◆ **Exercise requirements**: Print this span of the material below exactly: the line with "Opel Astra 2.0 CDTI Exklusiv - 8", the line with "Thumbnail: 2014 Honda Accord - 16", and every line between them, but nothing else.

◆ **Excerpted data**:
══════════════════════════════
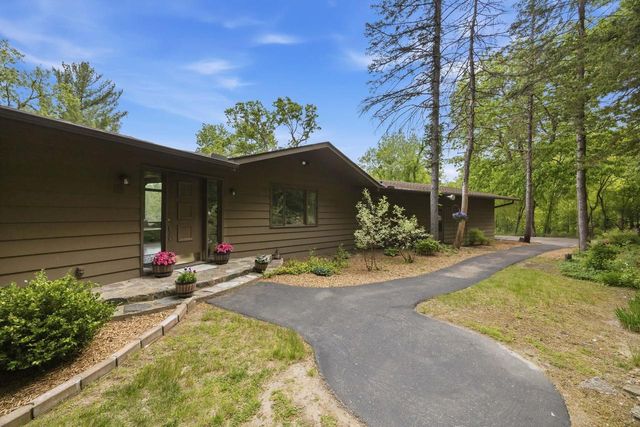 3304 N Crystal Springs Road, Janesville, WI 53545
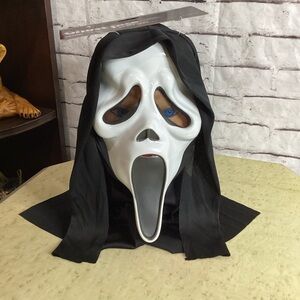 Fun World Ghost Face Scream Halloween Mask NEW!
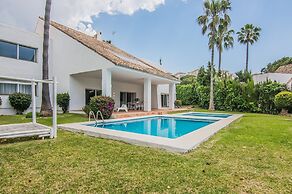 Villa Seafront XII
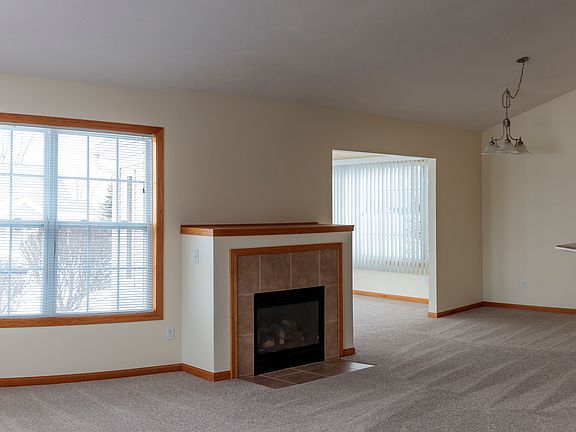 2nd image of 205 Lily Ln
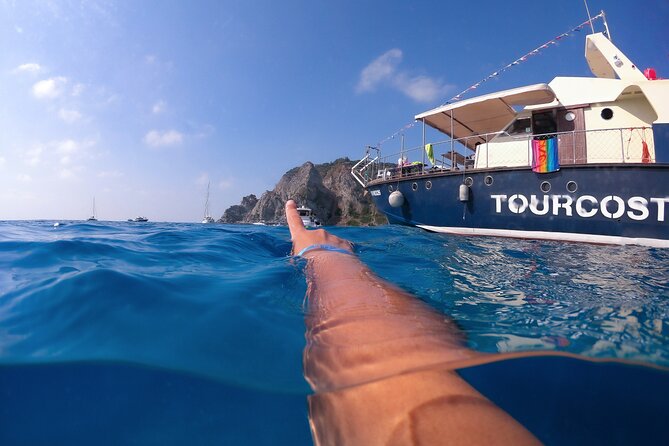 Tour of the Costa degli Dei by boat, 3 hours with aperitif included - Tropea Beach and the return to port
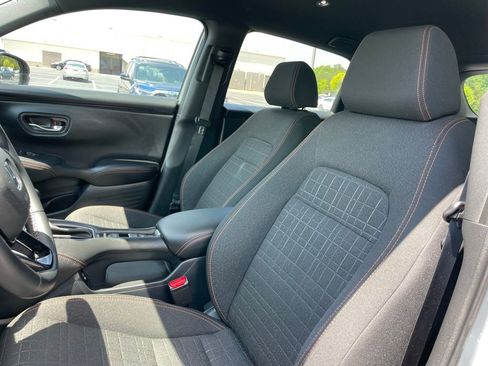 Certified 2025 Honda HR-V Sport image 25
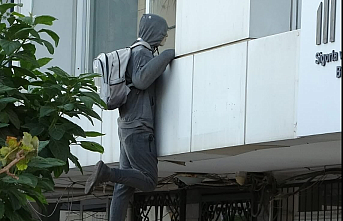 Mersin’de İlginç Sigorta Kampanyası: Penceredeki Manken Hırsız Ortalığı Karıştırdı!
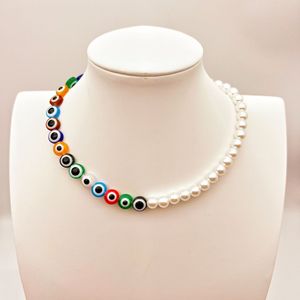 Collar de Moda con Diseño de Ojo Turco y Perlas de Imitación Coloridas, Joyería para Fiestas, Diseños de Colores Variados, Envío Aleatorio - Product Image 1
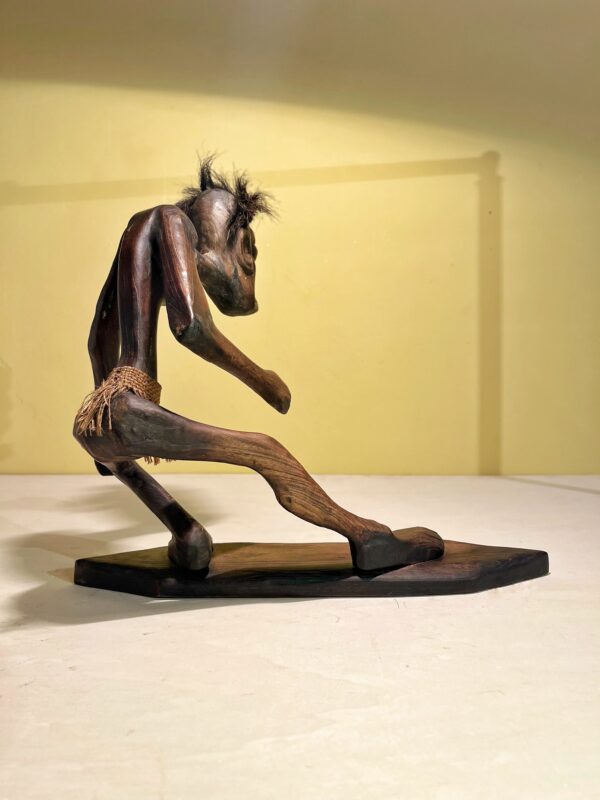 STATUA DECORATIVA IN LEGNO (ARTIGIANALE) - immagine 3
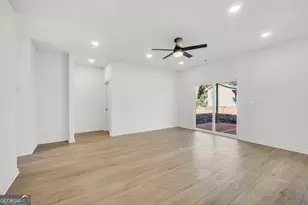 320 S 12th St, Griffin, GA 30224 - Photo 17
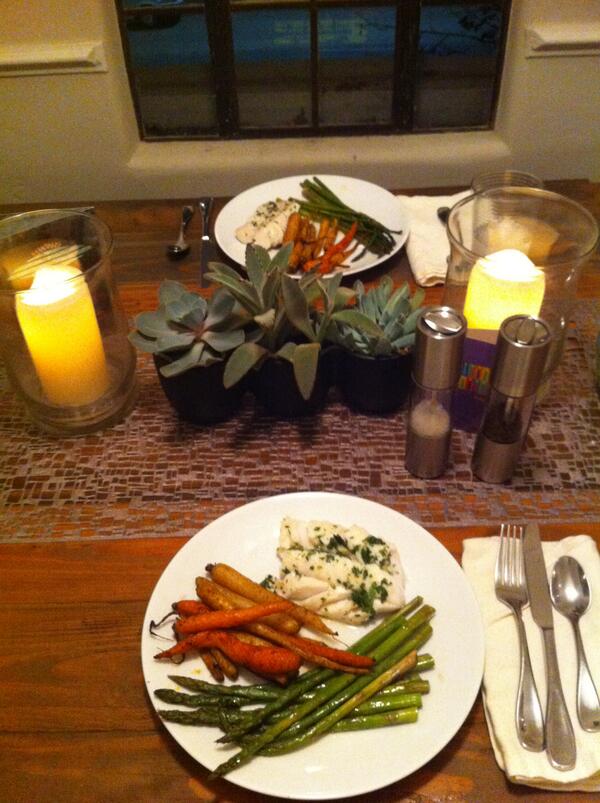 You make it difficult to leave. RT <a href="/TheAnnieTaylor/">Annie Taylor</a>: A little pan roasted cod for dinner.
══════════════════════════════
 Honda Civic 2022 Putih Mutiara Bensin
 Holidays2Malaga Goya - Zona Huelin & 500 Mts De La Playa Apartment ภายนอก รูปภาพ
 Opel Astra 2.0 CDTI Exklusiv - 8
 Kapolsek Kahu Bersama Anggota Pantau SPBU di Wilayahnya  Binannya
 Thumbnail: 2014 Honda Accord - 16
══════════════════════════════
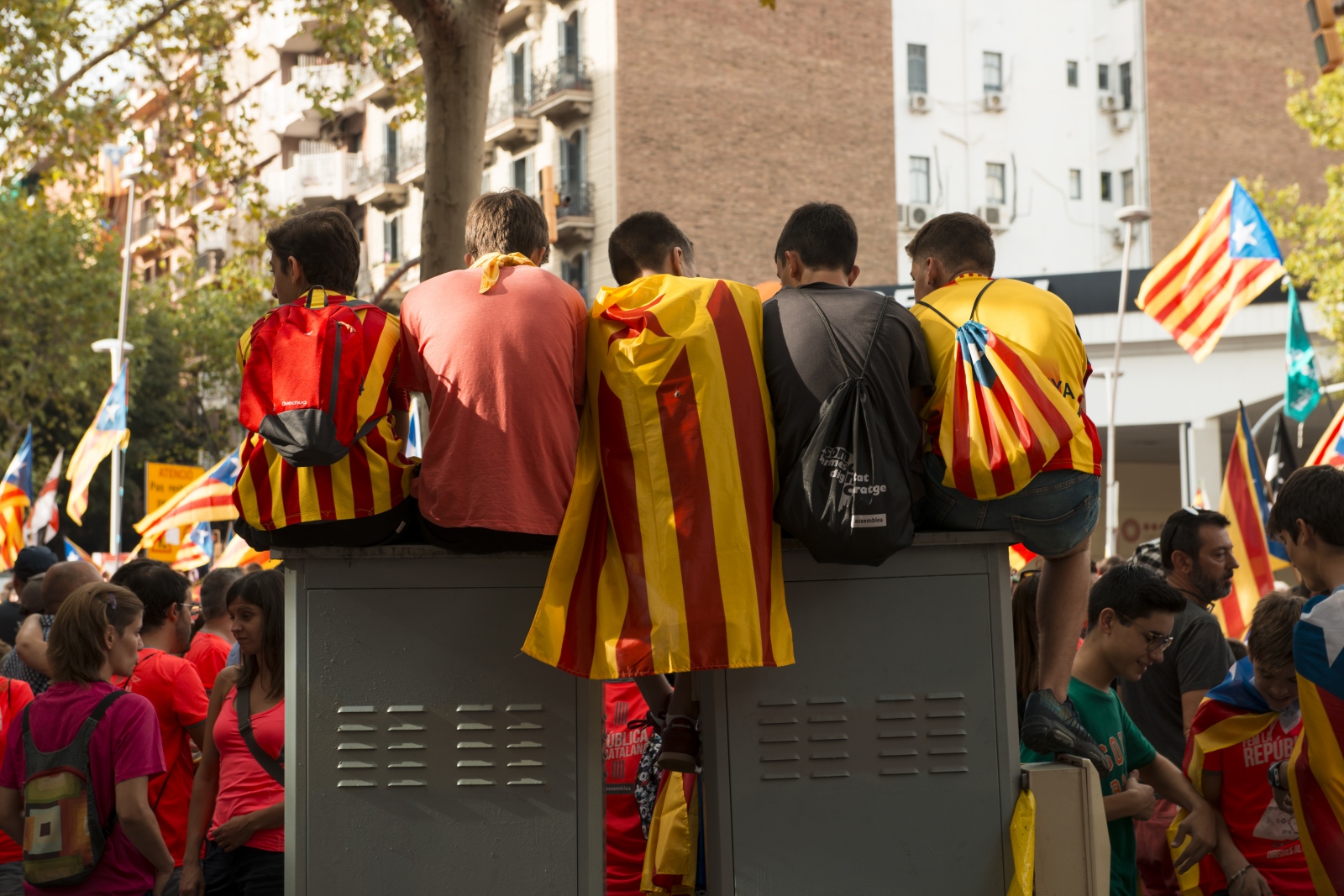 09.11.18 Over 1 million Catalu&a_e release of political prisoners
══════════════════════════════
◆ **Written reply**:
 Opel Astra 2.0 CDTI Exklusiv - 8
 Kapolsek Kahu Bersama Anggota Pantau SPBU di Wilayahnya  Binannya
 Thumbnail: 2014 Honda Accord - 16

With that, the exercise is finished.